Abacus Data this morning released full data and tables associated with this poll but let me draw your attention to a new approach Abacus is taking here and, I’m told, will take in some future polls. You will note the sample size for this poll – close to 2,000 — which allows Abacus to break out some of its results by certain types of voters, namely (and I’m using Abacus’ nomenclature here):
- Partisans: Those who say they would not consider voting for any other party but the one they’ve declared for. This would be the “base” for each of the Conservatives, New Democrats and Liberals.
- Swing Voters: Voters who say their vote is up for grabs by anyone. Highly sought after, obviously, by all parties.
- Progressive Non-Partisans: Those who say they would not vote Conservative under any circumstances but could see themselves voting NDP or Liberal.
- Conservative Non-Partisans: Those who say they would never vote NDP under any circumstances but could see themselves voting Conservative or Liberal.
- Populists: Those who say they would never vote Liberal but could see themselves voting Conservative or NDP.
Most often, of course, polling firms break down a given sample by region or by gender and while those subdivisions are useful to help understand each party’s behaviour, this may be at least as and possibly more useful.
For example: We’ve seen the federal NDP recently frame any of their economic and fiscal pronouncements, Question Period lines, and so on around “affordability.” Presumably, “affordability” is a highly populist way of talking about the economy, even an extension of Jack Layton’s metaphor of the “kitchen table” around which working class families would gather to assess their place in the world and their governments interest in helping them secure their place in the world. This framing, presumably, gives them an angle into those Abacus would identify as “populist” CPC-NDP switchers.
To quote from the Abacus commentary:
The point of this exercise is to first demonstrate that voters can view multiple parties and party leaders as acceptable or even good economic managers.
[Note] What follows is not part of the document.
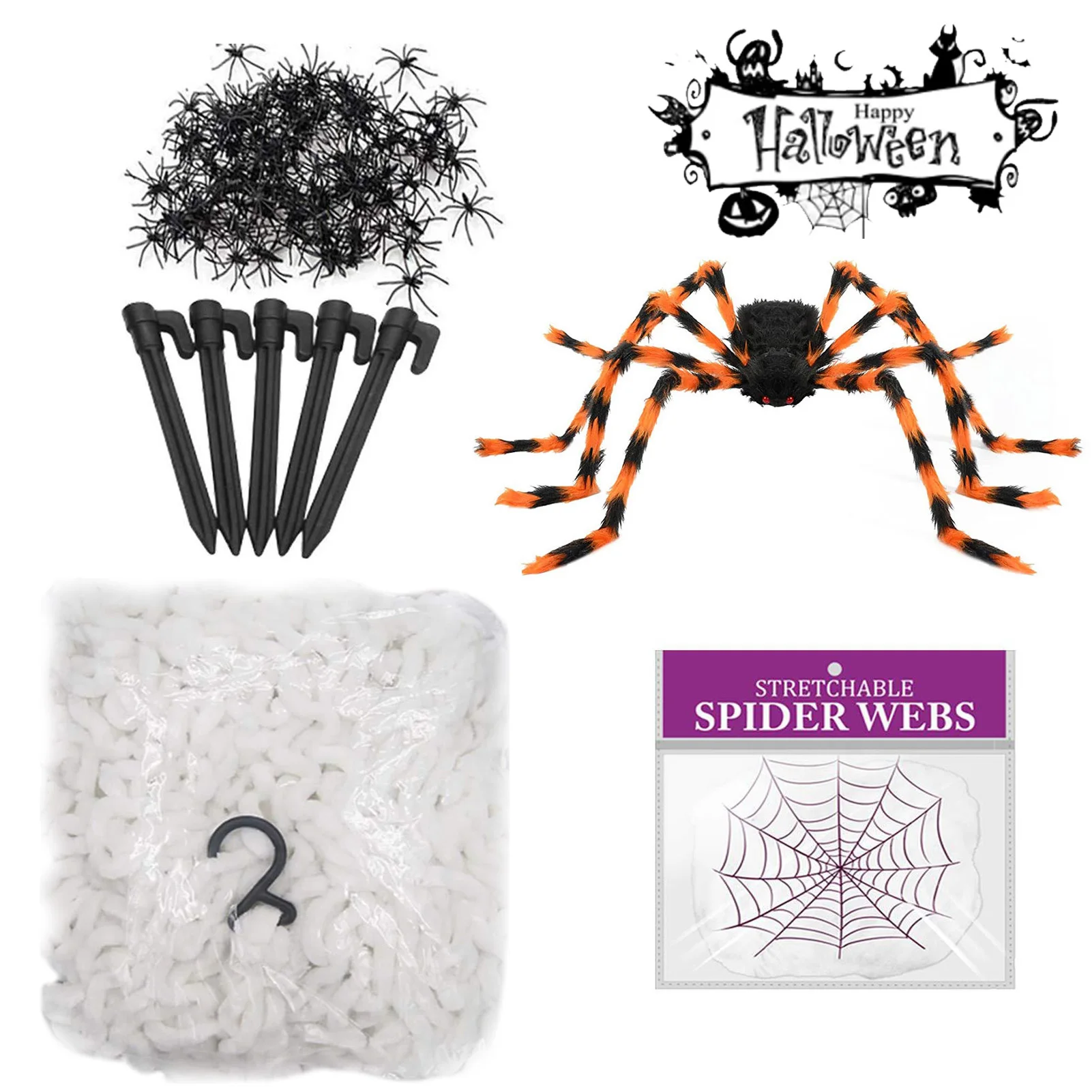 

Halloween Spider Web 16.4Ft Fake Spider Web With 50inch Giant Spider And 20 Mini Spiders Stretchy Cobwebs Halloween Party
This has consequences for the role these opinions can play in affecting voter intention. If voters, for example, in the Progressive non-partisan group view both Trudeau and Mulcair as equally able to manage the economy, then vote choice may come down to another factor such as leadership attributes, candidate selection, or another prominent issue.
Second, by looking at the electorate not as a single uniform group but as one made up of different groups of voters with different intentions and preferences, it becomes clear that just because more people view Stephen Harper and the Conservatives as poor economic managers than the other parties does not mean they cannot be re-elected in 2015. However, the results demonstrate that they will need to work hard to convert almost all those who would consider voting Conservative to actually vote Conservative – especially when 12% of the electorate is open to voting either Conservative or Liberal.